Medical images (X-rays, CTs, MRIs, pathology slides, dermatology photos, retinal fundus images) are fundamentally visual pattern recognition problems. If deep learning could master general image classification, perhaps it could learn to detect pneumonia, identify cancers, or diagnose diabetic retinopathy.

3.5.2 Medical Imaging AI Explosion

The mid-2010s saw an explosion of medical imaging AI research:

2016: Dermatology AI matches dermatologists in skin cancer classification (Esteva et al. 2017)
2016: Deep learning detects diabetic retinopathy from retinal images (Gulshan et al. 2016)
2017: Radiology AI detects pneumonia from chest X-rays (Rajpurkar et al. 2017)
2018: Pathology AI analyzes prostate biopsies (Nagpal et al. 2019)

Papers proliferated. Venture capital flooded into medical AI startups. Headlines proclaimed “AI Will Replace Radiologists.”

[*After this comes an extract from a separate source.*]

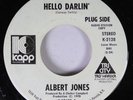 Hear Northern Soul Promo 45 Albert Jones - Hello Darlin' / Unity On Kapp (Promo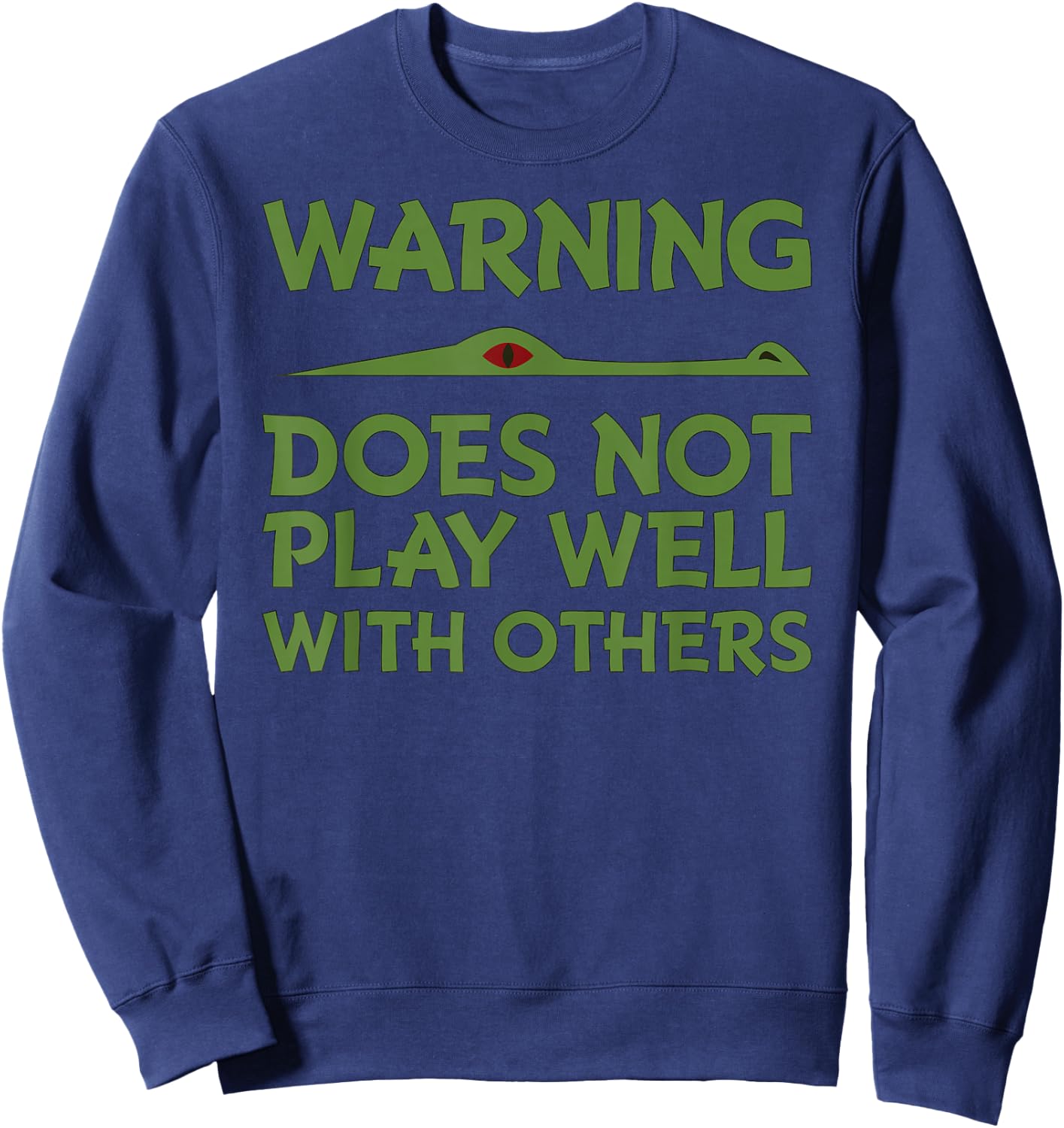 Warning - Does Not Play Well With Others - Gator Sweatshirt - Sweatshirt | Navy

3.5.3 The First FDA-Cleared Autonomous AI (2018): IDx-DR

In April 2018, FDA granted the first authorization for an autonomous AI diagnostic system: IDx-DR for diabetic retinopathy screening (Abràmoff et al. 2018).

Why IDx-DR succeeded where MYCIN failed:

✅ Narrow, well-defined task: Detect referable diabetic retinopathy (yes/no decision)
✅ Clear clinical need: Primary care physicians need retinal screening but lack ophthalmology expertise
✅ Prospective validation: 900-patient clinical trial in primary care settings (not just retrospective analysis)
✅ Autonomous operation: Primary care staff operate the system without specialist interpretation
✅ Regulatory clarity: FDA had developed frameworks for AI-based medical devices
✅ Reimbursement: CPT codes established for AI-assisted diabetic retinopathy screening

Clinical bottom line: IDx-DR demonstrates the formula for successful medical AI deployment: 1. Well-defined, high-value clinical problem 2. Prospective validation in real-world settings 3. Clear regulatory pathway 4. Workflow integration 5. Reimbursement model 6. Physician and patient acceptance

3.5.4 The “AI Will Replace Radiologists” Debate

Geoffrey Hinton (deep learning pioneer) famously claimed in 2016: “It’s quite obvious that we should stop training radiologists.”

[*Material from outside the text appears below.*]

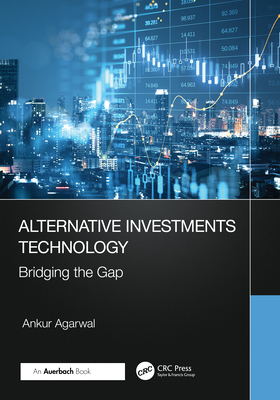 Alternative Investments Technology: Bridging the Gap - Agarwal, Ankur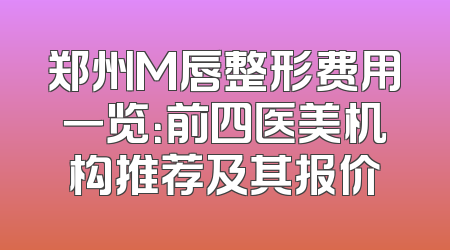 郑州M唇整形费用一览：前四医美机构推荐及其报价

This sparked fierce debate. Would AI replace radiologists? Should medical students avoid imaging specialties?

What actually happened:

❌ AI didn’t replace radiologists
✅ AI began augmenting radiologist workflow
✅ Radiologists increasingly use AI as assistive tools
✅ AI handles some straightforward screening tasks
✅ Complex cases still require radiologist expertise
✅ New roles emerged: radiologists curating datasets, validating AI, interpreting edge cases

The lesson for physicians:

Dire predictions about AI replacing doctors are consistently wrong. What happens instead: AI augments clinical capabilities, handles routine tasks, and creates new workflows requiring physician oversight.

Fear replacement less. Focus on effective integration more.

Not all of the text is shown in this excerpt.